The Court finds that Attorney Mahle's affidavit does not make clear that she has been practicing law without interruption for the entire ten-and-a-half-year period for which she seeks credit, and does not sufficiently identify the types of law she practiced during that time. While the Court is not persuaded by Defendant's unsupported contention that the experience Attorney Mahle accrued outside of Pennsylvania should be entirely discounted in determining a reasonable hourly rate for her work, the Court agrees that her affidavit lacks a sufficient level of specificity to support her requested rate. The Court notes that Plaintiffs have submitted affidavits from experienced attorneys who attest that a rate of $285 per hour is reasonable for Attorney Mahle. These affidavits similarly fail to clearly delineate the specifics of Attorney Mahle's experience since law school graduation in 2002.

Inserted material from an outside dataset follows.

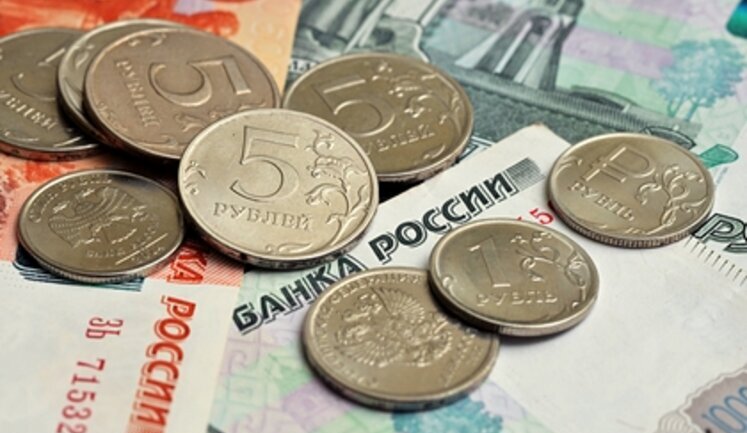 Росії загрожує бюджетний дефіцит і девальвація через падіння цін на нафту, - Fitch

For these reasons, the Court will reduce Attorney Mahle's rate to $255 per hour, the top of the CLS Schedule's range for attorneys with 6-to-10 years of experience. See CLS Attorney Fees, available at: http://clsphila.org/about-cls/attorney-fees (last visited June 6, 2014).

2. Attorney Valantassis

Plaintiffs seek a rate of $175 per hour for Attorney Valantassis based on the following factors: (1) Attorney Valantassis was admitted to the Pennsylvania Bar in October 2012, and assisted the Law Offices of David J. Berney for six months with, among other matters, its special education practice; (2) the Law Offices of David J. Berney customarily billed its clients between $175 and $185 per hour for Attorney Valantassis's work; (3) two experienced education law attorneys have provided affidavits attesting that the proposed rate is well within the range of prevailing rates in the Philadelphia community for services by attorneys of reasonably comparable skill, experience, and reputation; (4) courts in this district have approved greater rates for paralegals; and (5) a 2010 National Law Journal Survey, the Updated/Adjusted Laffey Matrix, and the CLS Fee Schedule support the proposed rate for Attorney Mahle. (Memo. of Law 8-20, ECF No. 25).

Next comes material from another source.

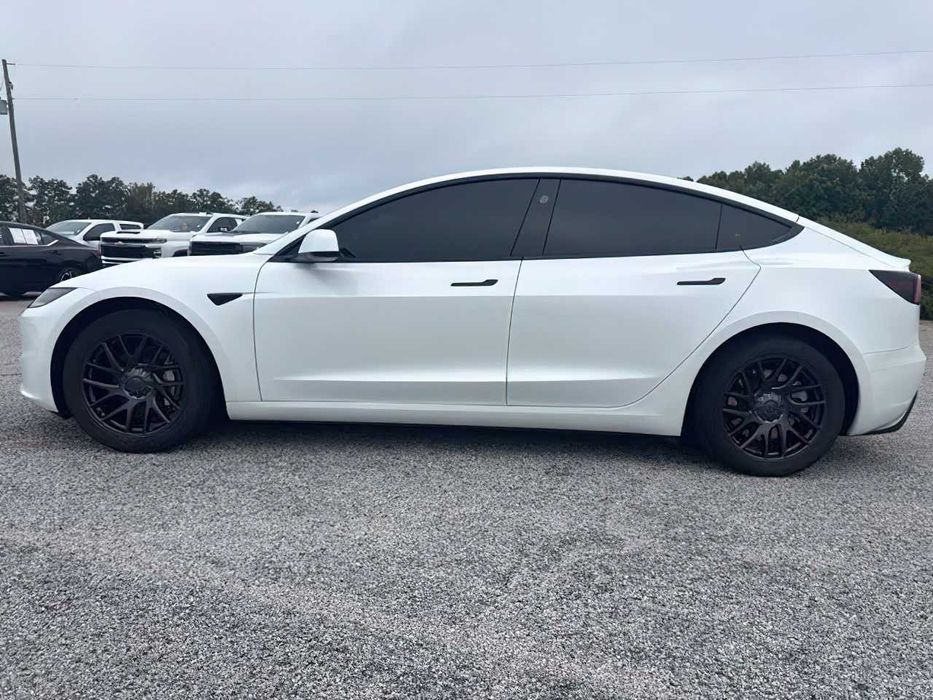Tesla Model 3      2025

Attorneys Jennifer Clarke and Jennifer Lowman attested that a rate of $175 per hour is reasonable for Attorney Valantassis. (Pet. Exh. C and E, ECF No. 25). See CLS Attorney Fees, available at: http://clsphila.org/about-cls/attorney-fees (last visited June 6, 2014).

Defendant argues that Attorney Valantassis's rate should be reduced because most of the work he performed on this case took place before he passed the bar exam; according to Defendant, a reasonable hourly rate for him is $135 per hour, which is the top of the CLS Schedule's range for law students. (Resp. 10, ECF No. 16).

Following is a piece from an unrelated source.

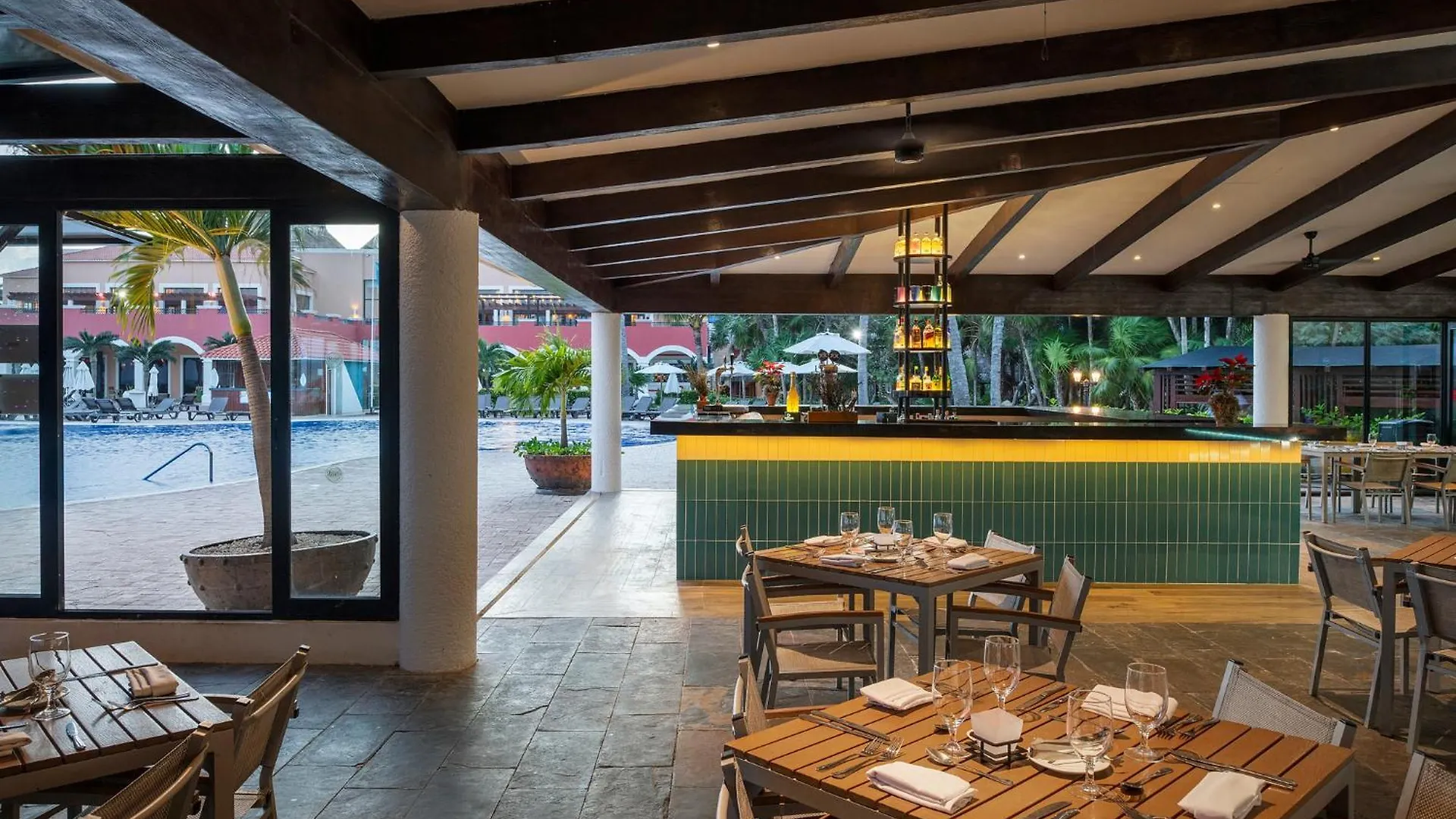 Ocean Coral & Turquesa All Inclusive (Adults Only) Puerto Morelos Resort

The Third Circuit has directed courts to calculate hourly rates according to market rates at the time the fee petition was filed, not when the work was actually performed. Lanni v. New Jersey, 259 F.3d 146, 150 (3d Cir. 2001); see also, Phillips v. Phila. Housing Auth., 2005 WL 3488872, at *6 (E.D. Pa. Dec. 20, 2005) (applying CLS Schedule in effect at time fee petition was filed, rejecting argument that attorney's rate should be based on lower rate in version of CLS schedule in effect at the time the attorney performed the work). Plaintiffs rely on Lanni to argue that the relevant rate is the one that applies to Attorney Valantassis's level of experience at the time the fee petition was filed, not when he performed some of the work on the case. (Reply 7-8, ECF No. 27). Defendants have not directed the Court to any case law to the contrary.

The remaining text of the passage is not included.